とても野心的だが、好きかというと…劇団AUN Age.1『オセロー』

 浅草九劇で長谷川志演出、劇団AUN Age.1『オセロー』を見てきた。

 ほぼ何もないブラックボックスみたいな舞台にかなりカットを少なくした台本で(全くカットがないというわけではないが)、台詞をきちんと聞かせる上演である。キプロス上陸後の台詞などはカットされていたが、オセローが死ぬところの長い台詞などもけっこうカットしないでやっている。前半は長い台詞に多少苦戦しているような雰囲気もあったが、後半良くなってきた。

 

 この上演の特徴は、イアーゴー(齋藤慎平)がオセロー(谷畑聡)を騙す場面がまるっきりブラックユーモア仕立てであるところだ。もともと、このプロダクションのオセローは最初から目力がすごくて、かなり芝居がかった感じで演出されている。イアーゴーが悪巧みをする場面ではオセローの騙されやすさが全開になり、大仰な驚愕をどんどんエスカレートさせてギョロ目をぎらつかせるオセローに、さらに図に乗ったイアーゴーがたたみかけるようにあり得ない嘘八百を並べ立て、それなのにオセローがこれまた大げさなリアクションで信じてしまう…というようなことが繰り返される演出になっている。アホなオセローと、嬉しそうに悪巧みをどんどんすすめるイアーゴーの様子がかなり戯画化されてまるでブラックコメディみたいになっており、会場は爆笑だった。『オセロー』でここまでブラックユーモア仕立てでこの場面を演出するということはそんなに見たことないので(ちょっと笑いを盛り込む程度ならあると思うけど)、たいへん野心的で個性的な試みだったと思う。

 

 ただ、ここまで途中をブラックコメディ仕立てにしてしまうと、後半とのバランスが問題になってくるように思った。
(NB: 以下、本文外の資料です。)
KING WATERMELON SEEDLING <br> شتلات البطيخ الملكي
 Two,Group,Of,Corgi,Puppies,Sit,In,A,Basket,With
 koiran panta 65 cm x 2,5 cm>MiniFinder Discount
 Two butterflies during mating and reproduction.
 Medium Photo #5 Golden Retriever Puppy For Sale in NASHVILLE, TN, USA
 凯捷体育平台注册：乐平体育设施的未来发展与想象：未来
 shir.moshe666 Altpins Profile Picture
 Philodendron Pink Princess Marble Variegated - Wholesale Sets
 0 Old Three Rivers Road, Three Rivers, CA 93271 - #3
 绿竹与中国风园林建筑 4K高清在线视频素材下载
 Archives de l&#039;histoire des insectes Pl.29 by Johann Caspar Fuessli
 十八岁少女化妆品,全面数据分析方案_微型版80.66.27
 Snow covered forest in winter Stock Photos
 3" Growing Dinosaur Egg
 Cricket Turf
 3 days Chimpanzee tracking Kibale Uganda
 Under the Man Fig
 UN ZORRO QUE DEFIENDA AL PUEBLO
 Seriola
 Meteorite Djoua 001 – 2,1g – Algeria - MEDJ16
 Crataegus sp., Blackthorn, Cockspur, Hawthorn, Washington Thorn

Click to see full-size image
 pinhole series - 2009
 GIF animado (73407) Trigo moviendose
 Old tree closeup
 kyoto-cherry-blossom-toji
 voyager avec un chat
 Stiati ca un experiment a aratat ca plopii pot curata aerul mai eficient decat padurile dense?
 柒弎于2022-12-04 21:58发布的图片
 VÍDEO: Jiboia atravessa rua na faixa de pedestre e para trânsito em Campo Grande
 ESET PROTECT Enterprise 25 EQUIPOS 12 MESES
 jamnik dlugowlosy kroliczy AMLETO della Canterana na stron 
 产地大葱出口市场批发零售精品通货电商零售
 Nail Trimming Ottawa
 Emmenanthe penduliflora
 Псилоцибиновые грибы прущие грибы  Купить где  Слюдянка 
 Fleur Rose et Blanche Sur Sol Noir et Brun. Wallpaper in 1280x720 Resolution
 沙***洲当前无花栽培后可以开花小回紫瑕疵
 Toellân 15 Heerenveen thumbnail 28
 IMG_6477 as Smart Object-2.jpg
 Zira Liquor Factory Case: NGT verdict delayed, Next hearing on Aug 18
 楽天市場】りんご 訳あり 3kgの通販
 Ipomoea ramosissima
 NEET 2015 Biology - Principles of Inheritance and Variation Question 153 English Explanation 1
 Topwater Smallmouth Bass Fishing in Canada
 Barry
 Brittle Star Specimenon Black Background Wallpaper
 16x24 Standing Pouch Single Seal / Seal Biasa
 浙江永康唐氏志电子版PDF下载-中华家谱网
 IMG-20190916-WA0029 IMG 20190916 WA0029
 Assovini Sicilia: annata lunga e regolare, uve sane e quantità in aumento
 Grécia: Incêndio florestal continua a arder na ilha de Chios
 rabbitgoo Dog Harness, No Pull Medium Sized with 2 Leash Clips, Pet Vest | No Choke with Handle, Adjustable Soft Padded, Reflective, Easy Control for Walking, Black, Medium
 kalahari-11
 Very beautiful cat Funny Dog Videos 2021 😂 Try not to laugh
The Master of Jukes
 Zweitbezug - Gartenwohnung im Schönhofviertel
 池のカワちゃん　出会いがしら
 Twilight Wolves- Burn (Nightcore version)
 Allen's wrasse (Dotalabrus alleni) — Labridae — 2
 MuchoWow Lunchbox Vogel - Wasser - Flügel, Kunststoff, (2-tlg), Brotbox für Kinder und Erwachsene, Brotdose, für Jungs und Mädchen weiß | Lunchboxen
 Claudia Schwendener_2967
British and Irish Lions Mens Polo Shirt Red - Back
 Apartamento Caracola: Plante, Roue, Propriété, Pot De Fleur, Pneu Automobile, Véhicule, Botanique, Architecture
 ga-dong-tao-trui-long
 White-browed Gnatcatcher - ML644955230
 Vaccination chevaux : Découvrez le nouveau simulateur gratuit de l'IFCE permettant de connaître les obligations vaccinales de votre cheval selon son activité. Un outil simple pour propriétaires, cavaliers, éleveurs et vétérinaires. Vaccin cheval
前半では衣装がわりとモダンな感じだったのだが、後半はメリハリをつけるためかちょっと時代劇っぽくなってオセローが地中海ふうのエキゾチックな白い衣装を着て出てきたり、ビアンカがやたら派手な衣装を着てきたりするので、やや見た目に統一感がない。また、ちょっとオリエンタリズムっぽい感じがするのも良くない。

 さらに、オセローは前半も後半も非常にハイテンションな演技をしていて、同じ調子なのに前半ではブラックユーモアだったのが後半では完全な悲劇になる…というのがポイントなのだと思うのだが、正直、うまくいっているのかよくわからなかった。前半をあれだけブラックコメディ仕立てにしてしまうとオセローの愚かさがものすごく強調されてしまうので、本来は高潔だったはずの人物がひょんなことから恐ろしい犯罪を…というよりは、「男ってバカだねー」みたいな方向性に回収されてしまうと思うのである。これはこれでいいのかもしれないし、見る価値はある上演だが、好みはかなり分かれると思う。